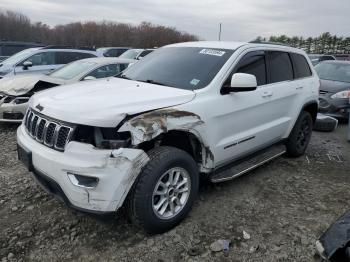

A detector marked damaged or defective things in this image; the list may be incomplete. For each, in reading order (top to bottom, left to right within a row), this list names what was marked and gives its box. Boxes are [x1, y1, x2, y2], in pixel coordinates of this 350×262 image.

exposed wheel well [302, 102, 318, 123]
broken headlight assembly [72, 125, 131, 149]
exposed wheel well [137, 130, 202, 165]
damaged front bumper [17, 125, 149, 213]
damaged front bumper [316, 212, 350, 260]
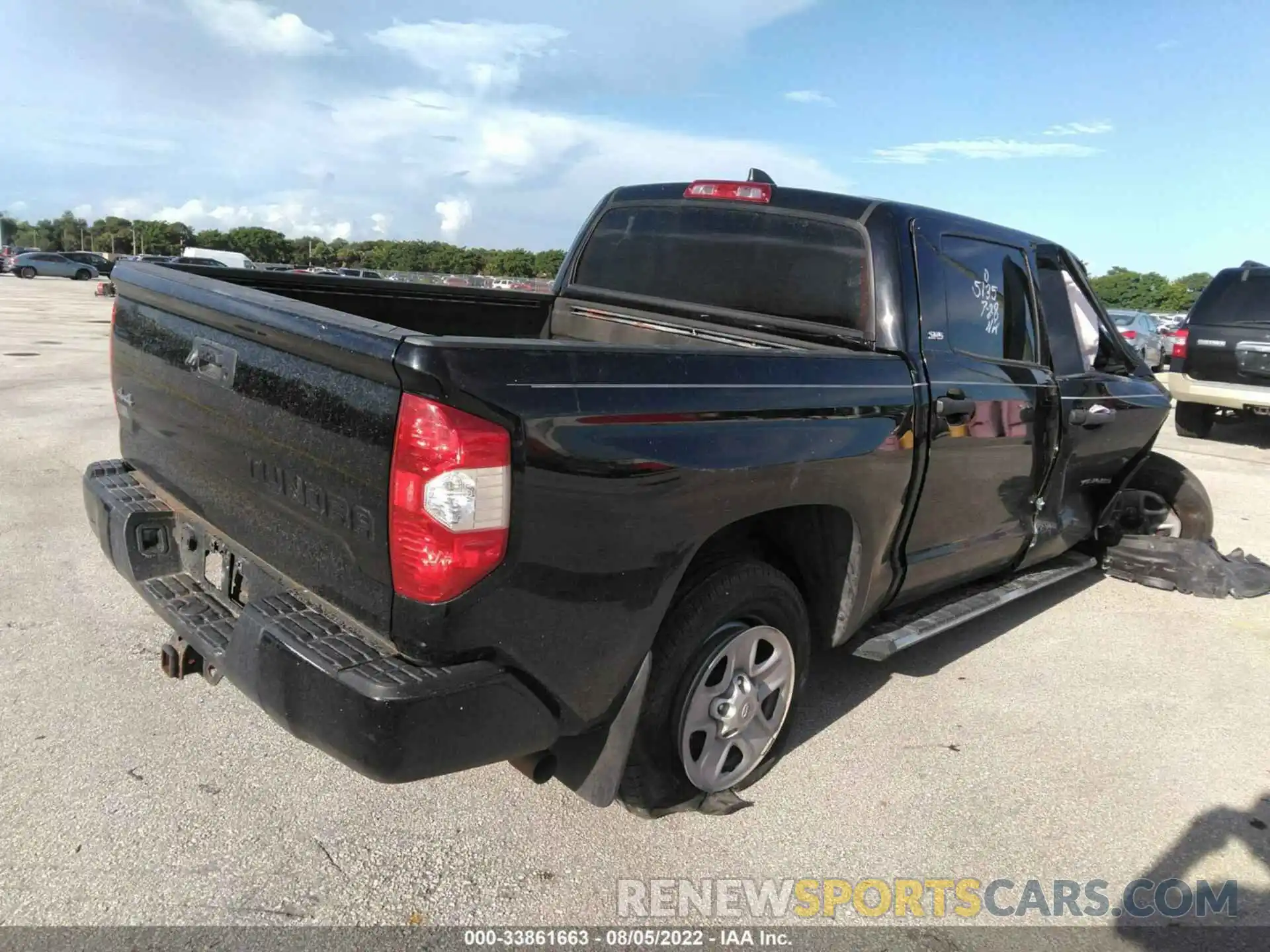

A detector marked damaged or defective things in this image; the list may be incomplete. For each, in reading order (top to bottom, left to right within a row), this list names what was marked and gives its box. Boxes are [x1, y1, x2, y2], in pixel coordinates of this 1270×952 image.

detached wheel [1173, 401, 1214, 439]
detached wheel [1127, 454, 1214, 543]
detached wheel [617, 563, 812, 817]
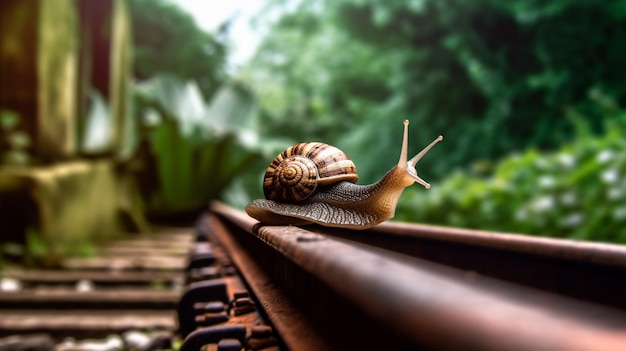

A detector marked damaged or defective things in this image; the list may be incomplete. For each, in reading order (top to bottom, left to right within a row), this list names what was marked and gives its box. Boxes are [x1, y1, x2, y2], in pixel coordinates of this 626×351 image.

rusty rail track [200, 202, 624, 351]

########

▸ **PROBLEM STATEMENT**: Write out the lines of the listing from the one with "this 626×351 image." to the very end, inclusive, exactly as they appear and with nothing added.

▸ **SOLUTION FOR THIS PROBLEM**:
A detector marked damaged or defective things in this image; the list may be incomplete. For each, in reading order (top to bottom, left to right within a row), this list names what was marked and gives its box. Boxes are [x1, y1, x2, y2], in pixel coordinates of this 626×351 image.

rusty rail track [200, 202, 624, 351]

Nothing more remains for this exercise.